É muito mais deletério do que conseguimos mostrar em texto de análise política o efeito que pregações irresponsáveis como as do presidente Jair Bolsonaro contra as estratégias de distanciamento social provocam no efetivo combate à pandemia do novo coronavírus.

Essa influência perniciosa não só atiça a natural e justificável ansiedade das pessoas por retomar suas vidas “normais”, como se fosse possível prever qual será o novo normal a partir de agora. Ela também, é possível perceber agora, acabou por criar nos governadores e prefeitos, mesmo naqueles conscientes dos riscos reais da pandemia, uma pressão para dizerem quando e de que forma reabririam comércio, escolas e outros estabelecimentos, o que se deu, desde a semana passada, de forma claramente irrefletida, precipitada e inócua.

Os casos de contaminação e as mortes continuam em ritmo acelerado, sem que nenhuma das condições necessárias para que se comece a falar em saída das quarentenas esteja dada. Não começamos a testar de forma mais sistemática e massiva, para ter números mais fiéis a refletir em que momento da epidemia estamos, a ocupação dos leitos de hospitais e de UTIs não está em curva decrescente na maior parte do País, os casos (mesmo esses que conseguimos confirmar, uma fração ínfima do total) não estão estabilizados e, mais assustador de tudo, mesmo os países que fizeram tudo certo e começaram a abrir estão experimentando más notícias.

É ilusório imaginar que em São Paulo, que na terça-feira, 28, conheceu um novo e sinistro recorde de casos e de mortes, 224 em 24 horas, perfazendo mais de 2 mil óbitos em pouco mais de um mês, vai voltar a funcionar, ainda que parcialmente, a partir de 10 de maio.

Se a ocupação dos leitos e a progressão do contágio continuarem no ritmo dessas duas semanas, ao contrário, é muito provável que o governador João Doria Jr. e o prefeito da capital, Bruno Covas, tenham de anunciar restrições ainda mais severas, e não relaxamento do distanciamento social. Foi assim em Milão, Nova York e outras cidades com as características de São Paulo.

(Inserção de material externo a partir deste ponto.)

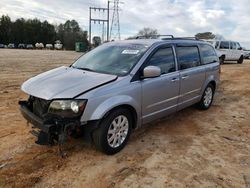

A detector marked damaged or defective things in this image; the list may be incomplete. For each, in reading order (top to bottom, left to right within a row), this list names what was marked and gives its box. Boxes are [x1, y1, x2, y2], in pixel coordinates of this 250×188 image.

crumpled hood [21, 66, 117, 100]
damaged front end [18, 96, 87, 146]
broken headlight [48, 100, 87, 117]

Mesmo lugares de populações e circulação mais restritas e controláveis, como Brasília, talvez tenham relaxado as regras cedo demais. Afinal, basta que a capital do País volte a receber fluxos de viajantes, a começar dos políticos, de outros Estados para que uma nova onda de contaminação seja não apenas possível, como provável.

Basta ver que países que chegaram a ser citados como exemplos de combate à covid, como Cingapura (que testou massivamente) e Alemanha (que tinha proporção confortável de leitos de UTI por milhões de habitantes e fez um isolamento social rigoroso), tiveram ou terão de anunciar a volta de medidas restritivas porque os casos voltaram a subir.

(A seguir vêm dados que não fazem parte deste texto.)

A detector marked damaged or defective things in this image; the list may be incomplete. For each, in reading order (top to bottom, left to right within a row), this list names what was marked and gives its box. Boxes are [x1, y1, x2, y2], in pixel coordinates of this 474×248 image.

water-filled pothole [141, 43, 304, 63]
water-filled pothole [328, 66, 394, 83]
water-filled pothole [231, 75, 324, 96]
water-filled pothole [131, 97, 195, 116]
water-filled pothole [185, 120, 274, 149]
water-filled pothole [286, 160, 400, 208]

Diante de um quadro tão grave e imprevisível, é ainda mais bizarro que o presidente do Brasil esteja dedicado única e exclusivamente a aparelhar ministérios e cargos públicos, demitir ou desautorizar os poucos ministros que passariam num psicotécnico e em confronto aberto com as instituições.

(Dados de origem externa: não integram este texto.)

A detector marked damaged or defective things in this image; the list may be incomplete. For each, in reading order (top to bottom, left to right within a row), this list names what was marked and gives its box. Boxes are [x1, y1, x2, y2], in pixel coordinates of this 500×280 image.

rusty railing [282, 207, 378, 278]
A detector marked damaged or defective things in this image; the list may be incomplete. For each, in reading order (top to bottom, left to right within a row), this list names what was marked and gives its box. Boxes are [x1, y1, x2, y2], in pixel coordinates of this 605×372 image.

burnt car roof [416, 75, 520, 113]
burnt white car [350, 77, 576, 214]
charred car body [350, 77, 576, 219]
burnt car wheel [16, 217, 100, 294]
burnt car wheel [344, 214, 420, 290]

Desde que trocou Luiz Mandetta pelo desarvorado e desanimado Nelson Teich, Bolsonaro parece ter esquecido que há um vírus matando seus governados aos milhares. Não fala mais sobre coronavírus (o que pode até ser bom, dado o nível de patacoada que ele costuma dizer a respeito) nem cobra ações efetivas para achatar uma curva que ameaça colapsar o País tanto no plano médico-sanitário quanto no tão temido aspecto econômico.

Não vai dar para reabrir o Brasil na marra, como a essa altura até Teich já deve ter conseguido se dar conta. Que os governadores parem de ficar com medo do bafo quente das ruas e ajam com responsabilidade. De irresponsável já basta um.